David: For much of the first half of the 20th century, before there was widespread plastic use.

Brian: That’s author David Taylor.

David: Cork in granulated form was used to seal and to insulate and to buffer things in industry. So whether it was in gaskets in car engines or to glaze windshields, there were many industrial uses for cork that we don’t think of today.

Brian: Found in countless consumer products, cork was a hidden necessity in everyday life. So imagine the alarm when an entire harvest of cork caught fire at the Crown Cork and Seal on September 17, 1940.

David: This was over a year before the US entered World War II, but there was already an atmosphere of paranoia and the fear of Nazi sabotage and activity on the East Coast, and so …

Brian: Because of course the war was flaring in Europe.

David: It was flaring in Europe and Germany was trying to keep the US out, and so it was basically using fear tactics to do that. And so there was ports and factories were on high alert, and then in this September late afternoon, suddenly the cork in the cork yard at Crown Cork and Seal burst into flame, and it was a tremendous fire covering like nine acres of cork in two nights of fire. It drew 400 firefighters. You could see the fire from as far away as Philadelphia some said.

Brian: Wow.

David: Yeah. It was the biggest fire in Baltimore of that century at that point. And so, it was just a spectacular in and of itself. And then the fact that it was that late in the fall, after the harvest of cork, it made it … It was that much bigger, and that much kind of more devastating because it wiped out basically a year’s supply of the cork.

Brian: At the time, the United States was the world’s leading importer of cork all of which came from European forests, and with Germany blockading the Atlantic, America’s cork supply was in serious peril.

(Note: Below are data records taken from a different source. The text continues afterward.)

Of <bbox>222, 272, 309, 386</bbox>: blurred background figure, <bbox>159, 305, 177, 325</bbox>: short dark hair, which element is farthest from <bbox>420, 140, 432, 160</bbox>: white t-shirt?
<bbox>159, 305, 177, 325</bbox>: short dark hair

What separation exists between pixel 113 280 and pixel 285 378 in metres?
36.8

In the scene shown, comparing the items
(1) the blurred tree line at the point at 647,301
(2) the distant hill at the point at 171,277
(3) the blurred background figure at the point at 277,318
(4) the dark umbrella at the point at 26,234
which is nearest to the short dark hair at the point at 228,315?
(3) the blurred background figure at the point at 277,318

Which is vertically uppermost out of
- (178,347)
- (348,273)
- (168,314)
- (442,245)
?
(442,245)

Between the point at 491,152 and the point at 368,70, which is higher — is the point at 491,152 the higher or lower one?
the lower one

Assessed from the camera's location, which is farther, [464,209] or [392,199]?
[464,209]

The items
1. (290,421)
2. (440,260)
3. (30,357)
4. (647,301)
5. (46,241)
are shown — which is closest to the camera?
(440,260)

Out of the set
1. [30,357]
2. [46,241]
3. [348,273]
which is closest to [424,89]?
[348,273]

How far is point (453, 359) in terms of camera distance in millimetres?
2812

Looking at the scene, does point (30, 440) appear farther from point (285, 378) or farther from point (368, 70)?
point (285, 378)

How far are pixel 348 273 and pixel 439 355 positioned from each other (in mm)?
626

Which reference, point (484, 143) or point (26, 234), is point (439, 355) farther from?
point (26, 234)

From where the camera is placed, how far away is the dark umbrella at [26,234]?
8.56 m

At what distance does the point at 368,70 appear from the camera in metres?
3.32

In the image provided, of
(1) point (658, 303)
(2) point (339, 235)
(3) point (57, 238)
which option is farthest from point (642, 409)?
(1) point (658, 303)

David: That fire with its spectacle and the timing alerted the national security machinery basically to say, this is a potential vulnerability that we have. The foreign Commerce Department looked at what the flows of cork was and how cork was used in the defense industry and that we were ramping our role as the arsenal of democracy, and so the manufacturing was key, and it was at that September 1940. After that you see that cork goes under allotment the way that rubber goes in.

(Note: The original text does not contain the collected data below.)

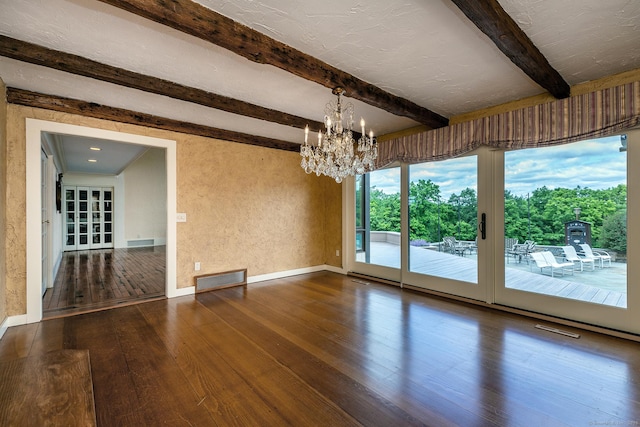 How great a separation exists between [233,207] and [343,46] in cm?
317

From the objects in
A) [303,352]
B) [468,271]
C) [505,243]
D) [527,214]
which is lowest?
[303,352]

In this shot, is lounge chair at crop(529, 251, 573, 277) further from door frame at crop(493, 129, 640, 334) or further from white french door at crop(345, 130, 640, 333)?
door frame at crop(493, 129, 640, 334)

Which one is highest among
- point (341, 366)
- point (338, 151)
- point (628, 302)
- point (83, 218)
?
point (338, 151)

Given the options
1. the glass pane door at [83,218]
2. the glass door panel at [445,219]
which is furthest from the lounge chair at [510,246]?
the glass pane door at [83,218]

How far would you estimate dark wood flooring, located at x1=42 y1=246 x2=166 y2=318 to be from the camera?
368cm

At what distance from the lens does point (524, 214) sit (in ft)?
11.0

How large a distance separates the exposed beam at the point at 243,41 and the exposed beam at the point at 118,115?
239 centimetres

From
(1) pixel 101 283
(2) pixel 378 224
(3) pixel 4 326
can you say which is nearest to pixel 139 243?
(1) pixel 101 283

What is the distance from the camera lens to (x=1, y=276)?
2.76 m

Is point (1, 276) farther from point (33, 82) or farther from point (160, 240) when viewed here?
point (160, 240)

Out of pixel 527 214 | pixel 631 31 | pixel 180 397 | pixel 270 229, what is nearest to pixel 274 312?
pixel 180 397

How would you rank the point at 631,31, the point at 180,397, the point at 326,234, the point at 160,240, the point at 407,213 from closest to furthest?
the point at 180,397 < the point at 631,31 < the point at 407,213 < the point at 326,234 < the point at 160,240

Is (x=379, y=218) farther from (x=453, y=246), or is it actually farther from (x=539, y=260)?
(x=539, y=260)

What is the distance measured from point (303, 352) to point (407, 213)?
2.85 metres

Brian: And is that because so much was wiped out in this one fire or because as a result of the fire, they said, wait a second, we better really start allocating this.

David: I think it was more the latter that it was the attention that it drew to this fact that we were completely reliant on a foreign supply of this natural product.

Brian: Almost immediately after the fire, rumors of sabotage began to circulate, and they weren’t entirely unfounded. Glaring questions emerged about the timing of the fire, which erupted after a new shipment of cork had just arrived, and multiple stories of Nazi spy activity on the East Coast made headline news.

David: The FBI at that point of the fire had already been tracking a real Nazi spy ring based in Long Island. A man named Fritz Duquesne had started it, but he did have plans for infrastructure bombing and disruption, and so when their ring was actually arrested a few months later after the fire, it just validated public concerns that there were these hidden forces at play.

Brian: Taking these suspicions into account, the FBI launched a secret investigation into the origins of the fire. Agents descended on Baltimore to collect any information related to the incident, but in the end, the investigation found no evidence of foul play.

David: One of the articles later during the time took a look at these, a bunch of these factory fire and explosion instances, and saying at that point, fire forensics was so early that a fire would destroy the evidence of its origins.

Brian: Sure.

David: And so it’s not surprising there was no conclusive finding at the time. For me, it’s a less critical about whether or not it was deliberately started, but what’s interesting is how the response pushed this company and the whole sector into the limelight of national security.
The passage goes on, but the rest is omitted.